Reddit is looking for a Software Engineer III to work on their Compute team, focusing on platform engineering and cluster engineering to support multi-cloud, multi-region deployments and optimize intra-cluster performance, efficiency, and stability. The goal is to build and maintain the foundational platform for running Reddit's infrastructure, impacting hundreds of millions of users.
Requirements
- 3+ years of experience developing internet-scale software, preferably in the context of infrastructure.
- Language proficiency in Go.
- Experience developing on top of Kubernetes or similar distributed systems.
- Kubernetes controller or operator development experience is a huge plus.
- Proficiency operating Linux with a solid understanding around cgroups, namespaces, other multi-tenancy primitives.
- Strong troubleshooting capabilities surrounding both systems and software.
- Prior experience engineering large scale distributed systems with a focus on automation and platform engineering is a plus, especially in a role where they were required to be oncall.
Responsibilities
- Software automation that creates, manages, and destroys clusters in our fleet.
- APIs and controllers that support multi-cluster deployment and scheduling mechanics.

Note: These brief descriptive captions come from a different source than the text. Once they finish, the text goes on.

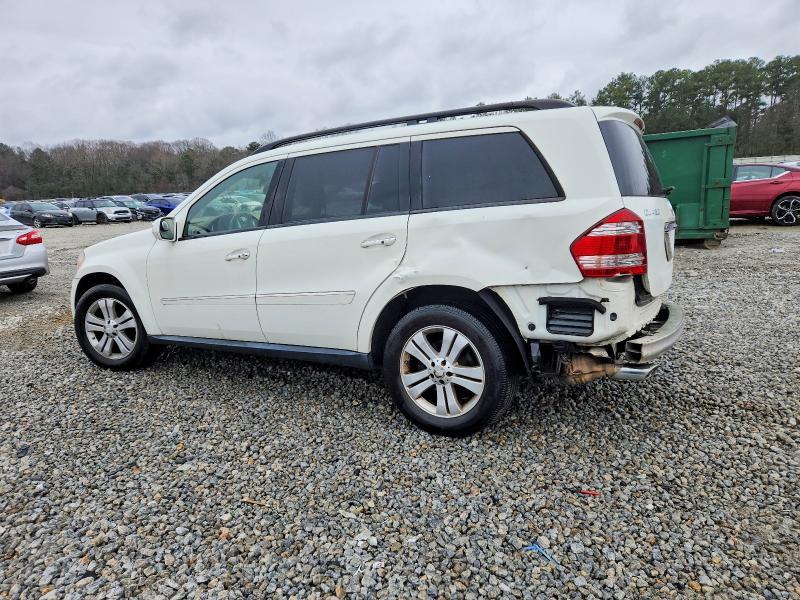 2009 Mercedes-Benz Gl 450 4matic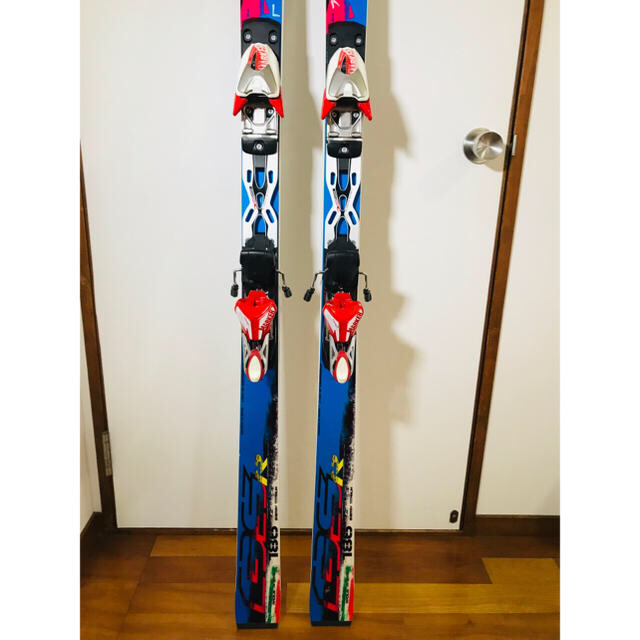 NORDICA(ノルディカ)のNordica Dobermann GS R WC - 2011  スポーツ/アウトドアのスキー(板)の商品写真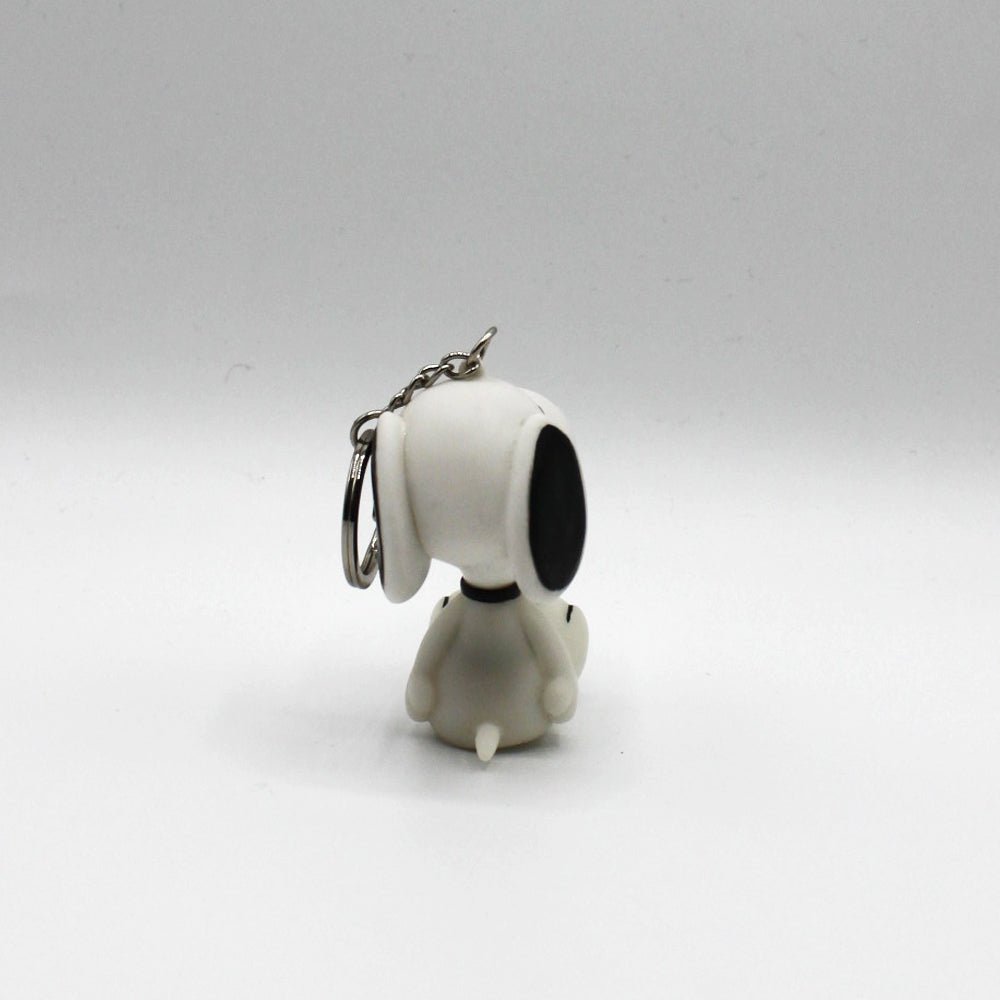 Peanuts Snoopy Keyring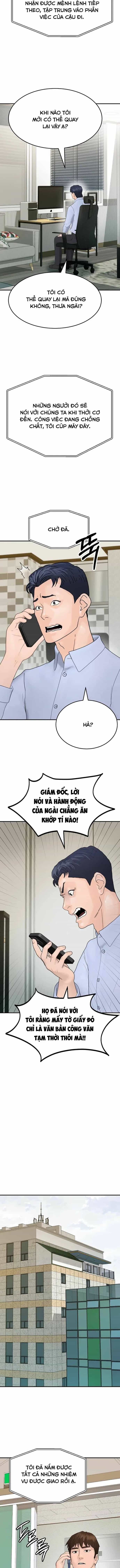 Người Trở Về Từ Cõi Chết - Chương 179 - ảnh 5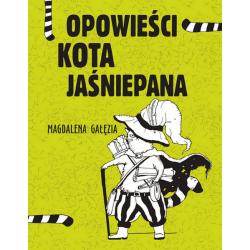 OPOWIEŚCI KOTA JAŚNIEPANA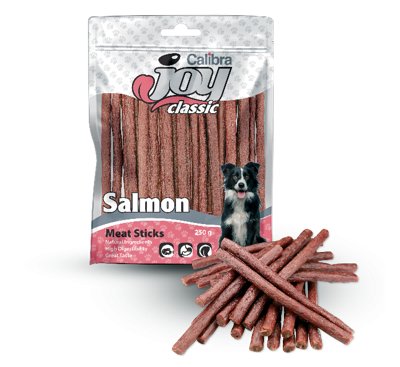 Calibra Joy Classic Dog - Salmon Sticks 250 gram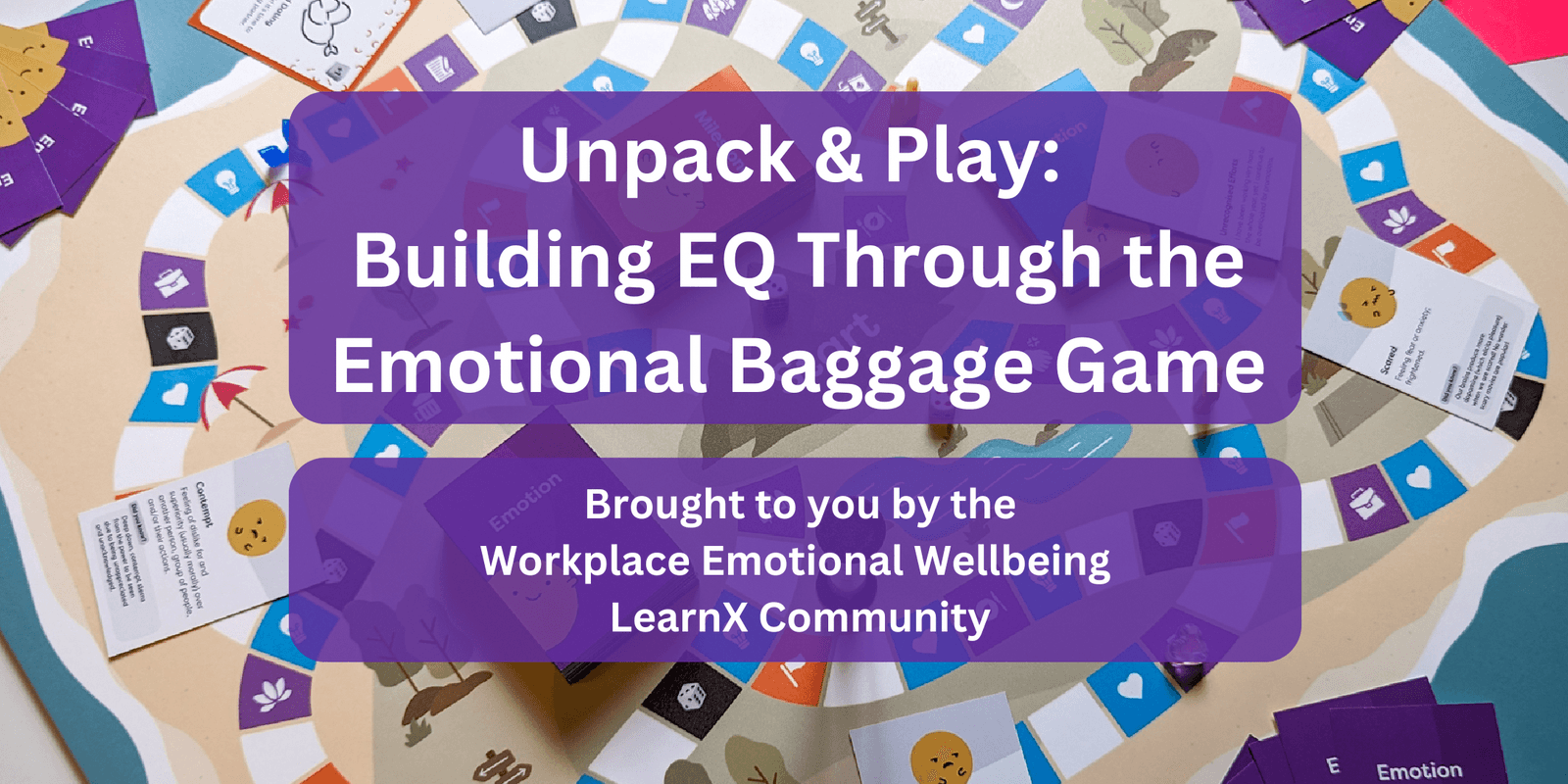 Unpack & Play: Building EQ Through the Emotional Baggage Game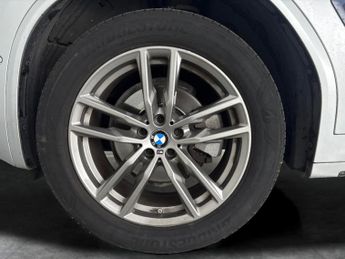 BMW X3 2.0 20d M Sport xDrive (190 ps) - BMW MOBILITY SYSTEM - CARPLAY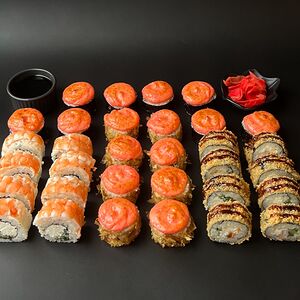 №12 Креветка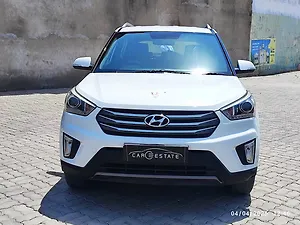 Second Hand Hyundai Creta SX Plus 1.6 AT CRDI in Jaipur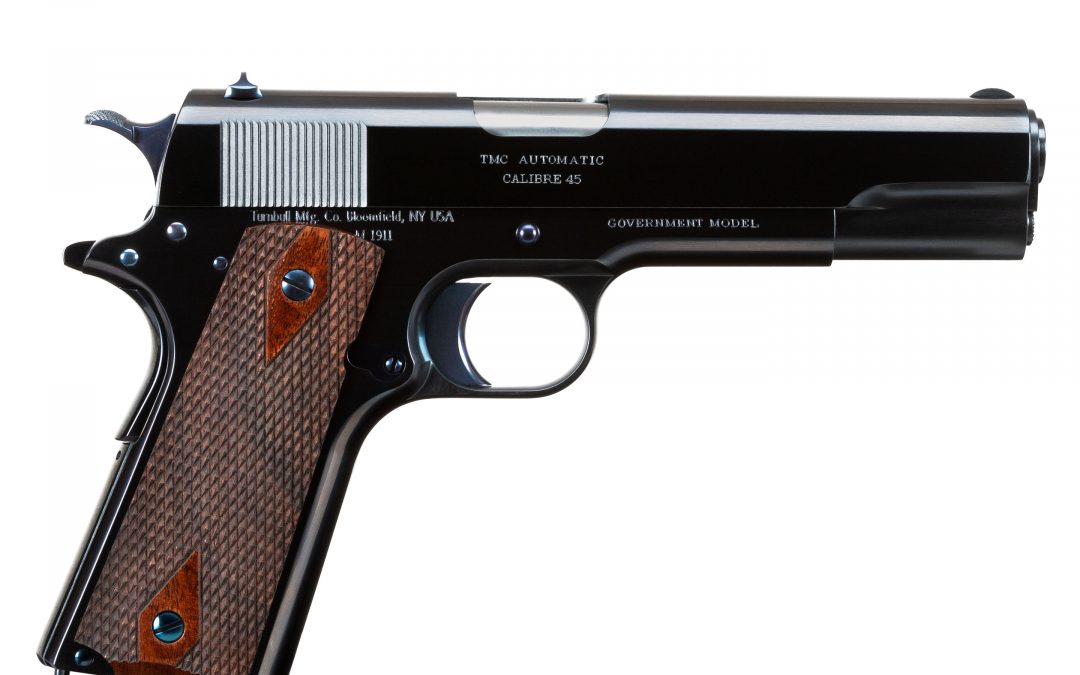 Turnbull Model 1911 Commercial – SOLD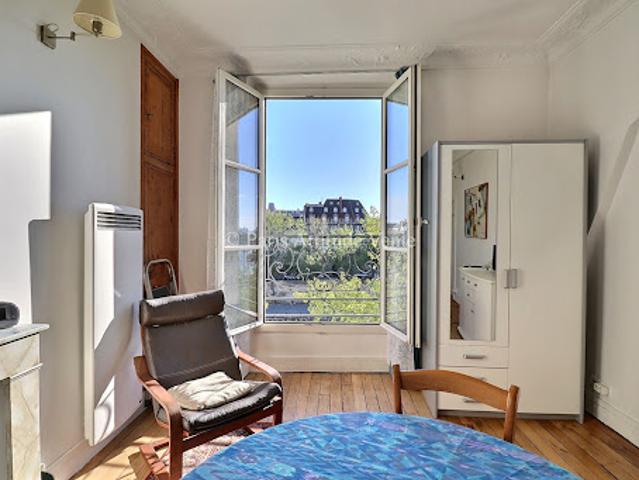 Appartement vente à Paris, Île-de-France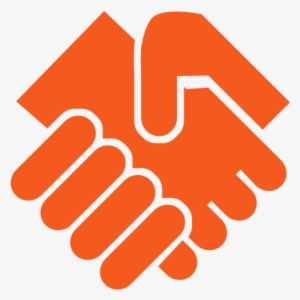 19 Shaking Finger No Icon Images - Handshake Logo #722711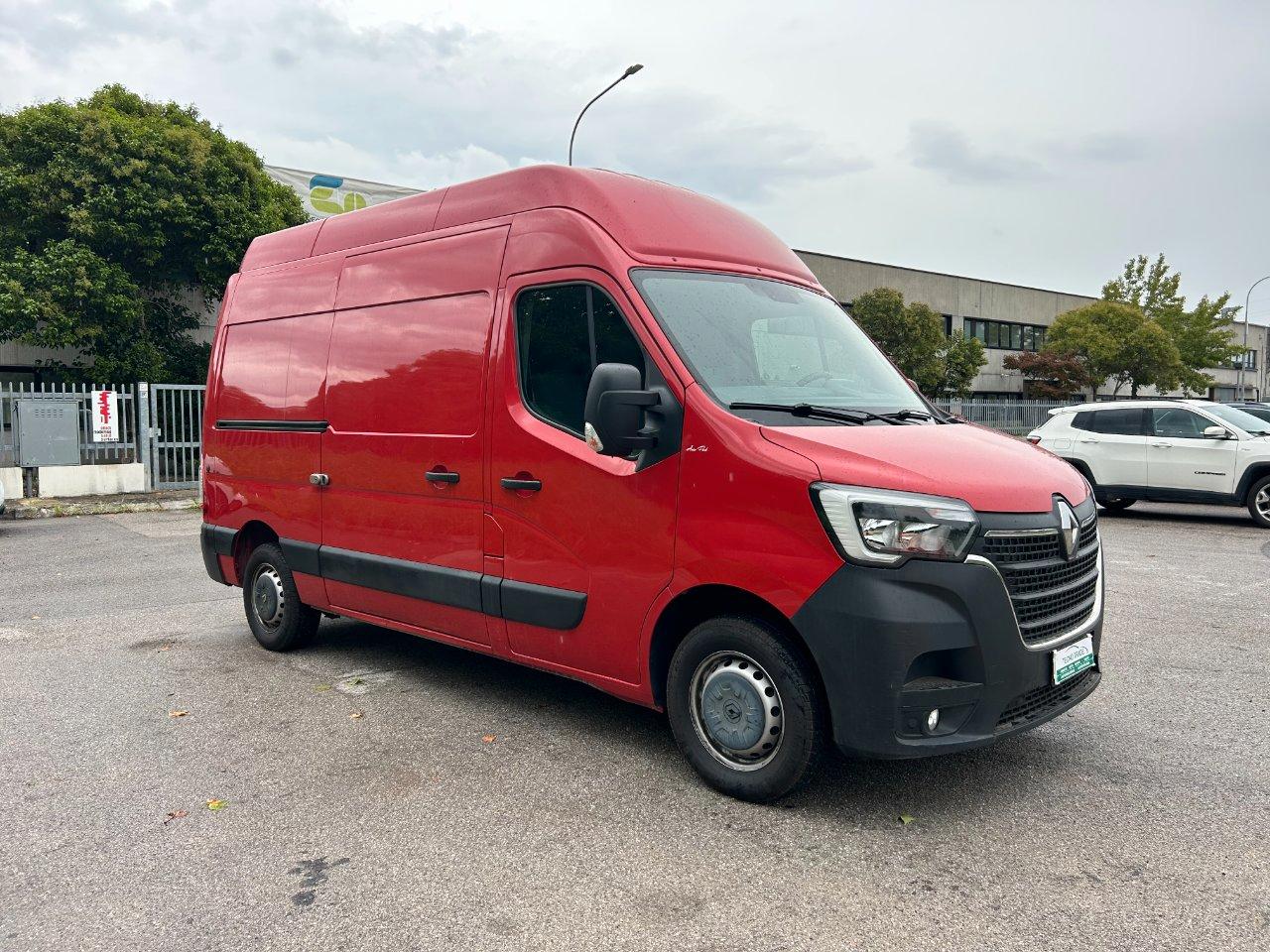 RENAULT Master T35 2.3 energy dci 150cv L2H2 Ice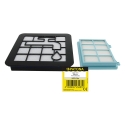 Patona filter set Philips FC8010/02 for Powerpro Compact Active Patona filter set Philips FC8010/02 for Powerpro Compact Active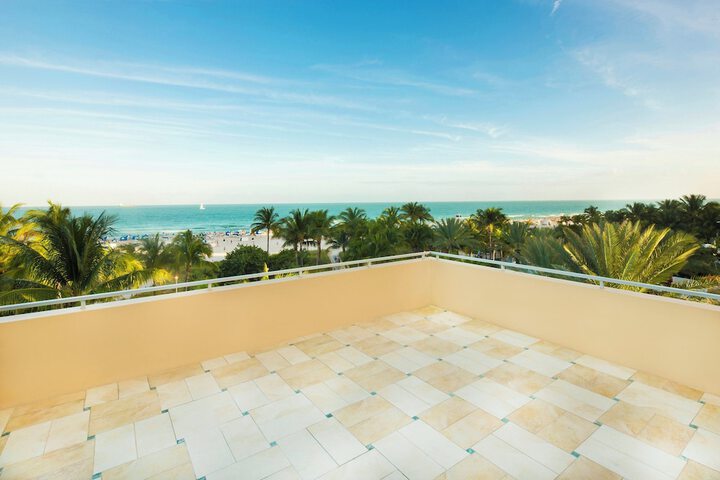 Loews Miami Beach Hotel – South Beach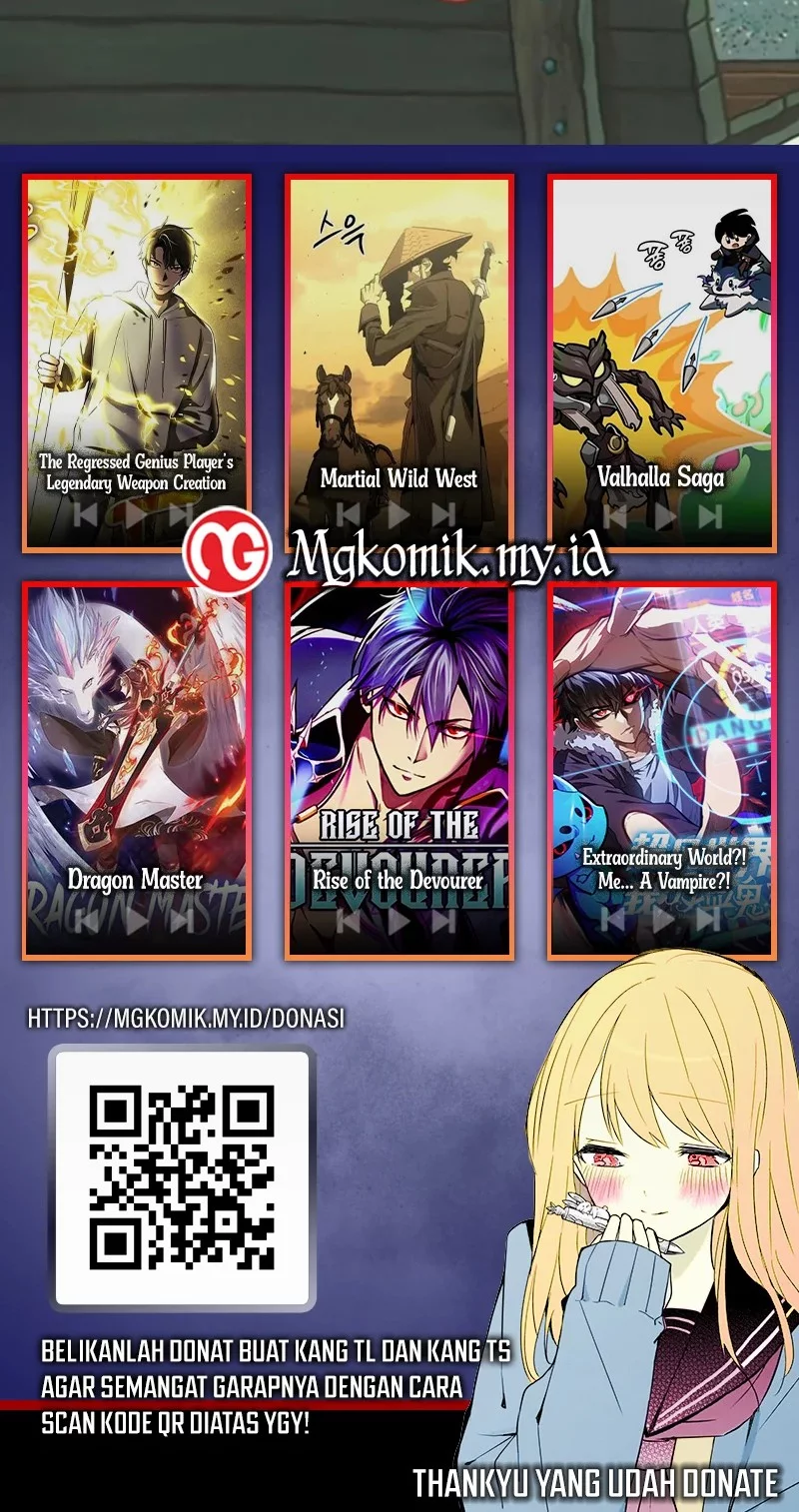 The Yellow Haired Villain In Female Main Characters Novel Wants Happiness Chapter 31 Halaman 33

- Core SDKs that enable controller development in the larger organization.
- Software that codifies out-of-cluster ancillary concerns such as network configurations and managed services.
- Detection of node-level performance characteristics and making availability decisions based on the data.
- Schedulers that support more efficient packing of resources along with reactive rescheduling on the basis of changing compute availability.
- Kubernetes controllers that offer APIs in the cluster and perform reconciliation to reach a desired state.
Other
- Work collaboratively with a team of software engineers to create and maintain the foundational platform for running Reddit’s infrastructure.
- Contribute feedback to the technical and strategic direction of the compute platform.
- Share on-call responsibilities with the Compute team.
- Excellent communication skills to collaborate with a service-oriented team and compan
- Reddit is proud to be an equal opportunity employer, and is committed to building a workforce representative of the diverse communities we serve.